Risk aversion is a concept in economics, finance, and psychology that describes a person's preference for certainty over uncertainty. This preference impacts decision-making processes, especially in situations involving risk and uncertainty. A risk-averse individual prefers to avoid risk when possible, often choosing options that offer more predictable outcomes, even if those options have potentially lower returns. This behavior contrasts with risk-seeking or risk-neutral attitudes.
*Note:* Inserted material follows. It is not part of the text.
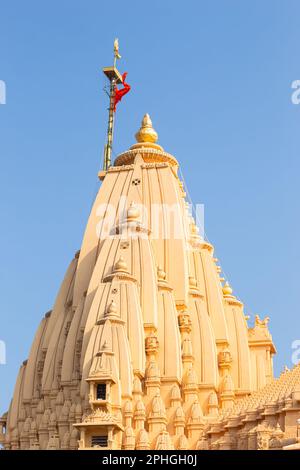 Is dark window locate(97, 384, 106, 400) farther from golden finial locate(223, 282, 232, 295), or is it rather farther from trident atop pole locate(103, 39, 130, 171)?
trident atop pole locate(103, 39, 130, 171)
Definition[edit | edit source]

Risk aversion is quantified by the curvature of an individual's utility function. In the context of expected utility theory, a risk-averse individual has a concave utility function, indicating that they derive less additional satisfaction (or utility) from each additional unit of wealth. This leads to a preference for sure outcomes over gambles with the same expected return but higher variance.

Measurement[edit | edit source]

The degree of risk aversion can be measured through various methods, including questionnaires, experiments, and observed choices in real-life situations. One common measure is the Arrow-Pratt measure of absolute risk aversion, which is derived from the second derivative of the utility function with respect to wealth.

Factors Influencing Risk Aversion[edit | edit source]

Several factors can influence an individual's level of risk aversion, including:

  • Wealth: Generally, as wealth increases, individuals become more risk-averse, although this is not a universal rule.
  • Age: Older individuals tend to be more risk-averse than younger ones.
  • Experience: Past experiences, especially those involving loss, can increase risk aversion.
  • Psychological factors: Personality traits and cognitive biases can also affect risk aversion.

Implications[edit | edit source]

Risk aversion has wide-ranging implications across different fields:

  • In finance, it explains why investors demand higher returns for riskier investments.
  • In insurance, it underlies the willingness to pay premiums to avoid potential losses.
  • In economics, it affects consumer behavior, savings, and investment decisions.
  • In decision theory, it influences how decisions are made under uncertainty.

Criticism and Alternatives[edit | edit source]

While risk aversion is a foundational concept, it has been criticized for not always accurately predicting real-world behavior. Alternatives and extensions to the theory, such as prospect theory, have been developed to better account for how people actually make decisions under risk.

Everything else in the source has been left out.